J. Experiments run, and results

A from-scratch, dependency-free spike (node:sqlite, Node v22.22.2) implements the design as a generic package (caller supplies schema and per-table policy) and is exercised by 55 passing tests, including real multi-process (child_process) concurrency:

  • Concurrency: N lock-free writer processes lose zero committed tx after reconcile; racing reconciler processes publish exactly-once with an integrity_check-clean head; readers looping during concurrent publishes never see a torn or regressing snapshot.
  • Crash recovery at every publish step (after-build, after-snapshot, after-pointer) recovers to exactly-once; a published snapshot is never lost.
  • True SIGKILL: a child killed while holding publish.lock does not wedge the store (the stale lease is reclaimed; recovery is exactly-once); a reconciler killed mid-build orphans only a temp.
  • Randomized chaos: writers, reconcilers, and readers all at once converge with zero loss, no double-apply, integrity-clean head (stable across repeated runs).
  • Fencing/lease: revalidate-before-publish aborts a holder whose lease was stolen; a stale lock is reclaimable; OCC on the pointer turns a superseded-base reconcile into a safe no-op.
  • GC and read-lease: a snapshot pinned by an active lease survives GC; an abandoned lease self-clears; a packager reads a byte-stable pinned snapshot while current advances.
  • Portability: a published/sealed head begins with SQLite format 3\0 and carries application_id/user_version; opens read-only with no session API.
  • doctor/repair: restores the last consistent point from a torn room (re-publish to the highest integrity-clean snapshot, roll back orphans, quarantine uncommitted envelopes, clear transients and the stale lock).
  • Direct mode and interop: synchronous direct writes; a directly-written room is read by the concurrent engine and vice versa; N direct-writer processes serialize with zero loss.

Performance (indicative, small metadata rows on local tmpfs):

  • Write (envelope, default snapshot-seed): ~4–5 ms/write at a few-hundred-row catalog, growing with catalog size because the writer copies the current snapshot to seed its session.
  • Seeding crossover (2 KB rows): snapshot-seed 10.5 → 28.6 ms/write as the catalog grows 500 → 5500 rows, while an opt-in schema-only seed (build an empty schema-only working DB, valid for inserts of new keys) stays flat at ~16 ms/write.
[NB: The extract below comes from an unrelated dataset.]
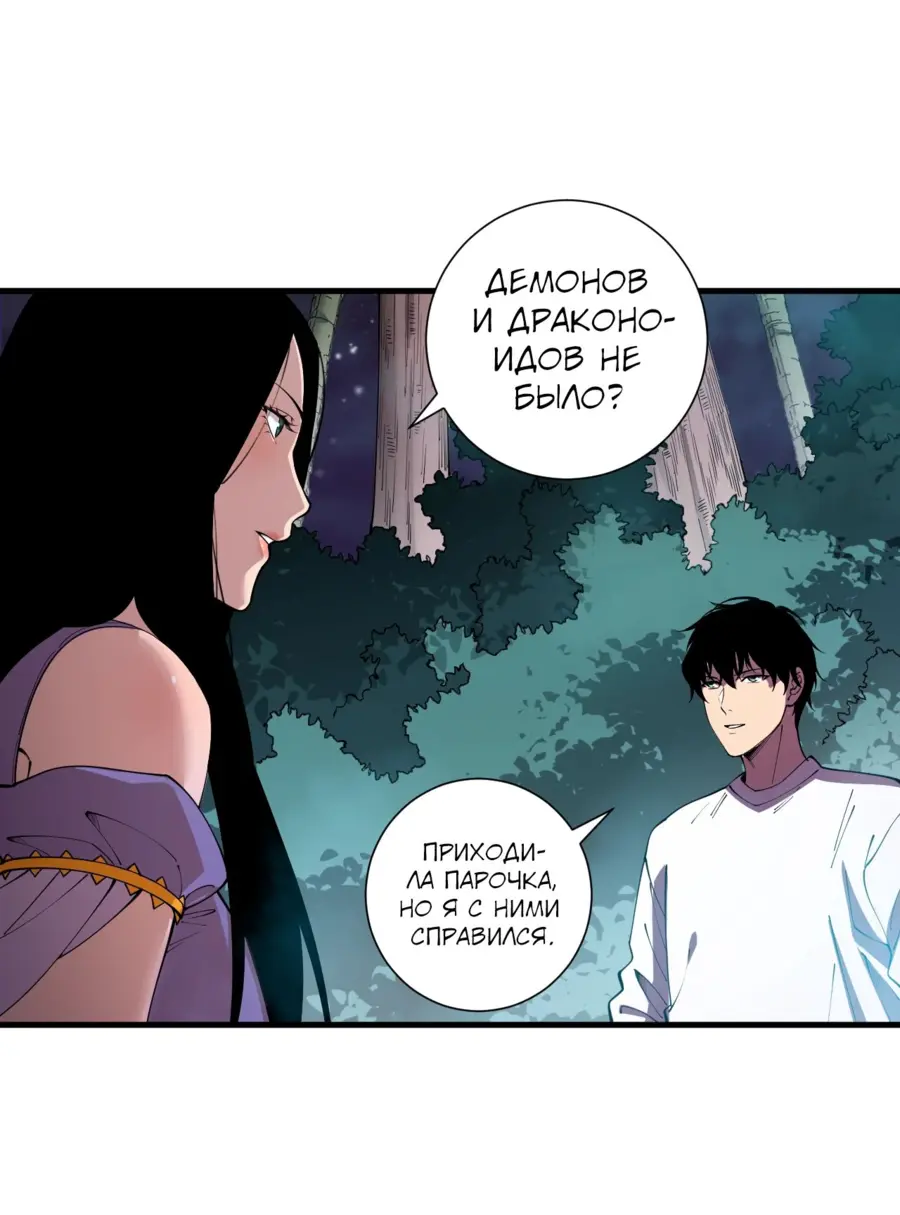 Страница 53 главы 120 манги Некромант — я катастрофа / Necromancer! I Am a Disaster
So: default to snapshot-seed when small/for any mutation; switch insert-heavy writers to schema-only once the catalog is large.
  • Reconcile: ~6 ms/tx (one base copy per pass + per-tx apply + ledger insert + quick_check).

K. Read/write concurrency and isolation — exact guarantees

Exactly what each model offers, and where the snapshot-publish design lands.

WAL (the fair baseline). WAL is the strong-isolation incumbent: many readers run concurrently and lock-free (each sees a consistent snapshot as of its transaction start — snapshot isolation), and a reader never blocks the writer or vice versa. But there is exactly one writer at a time, and the write lock is whole-database — a second writer gets SQLITE_BUSY and must wait/retry. Isolation is serializable for writers (each write transaction sees the latest committed state and is fully isolated). The price: it needs shared memory (-shm), so it is local-disk only, and a live file copy is not safe (R-FS and R-DURABLE both fail). So WAL = best isolation, worst portability, single writer.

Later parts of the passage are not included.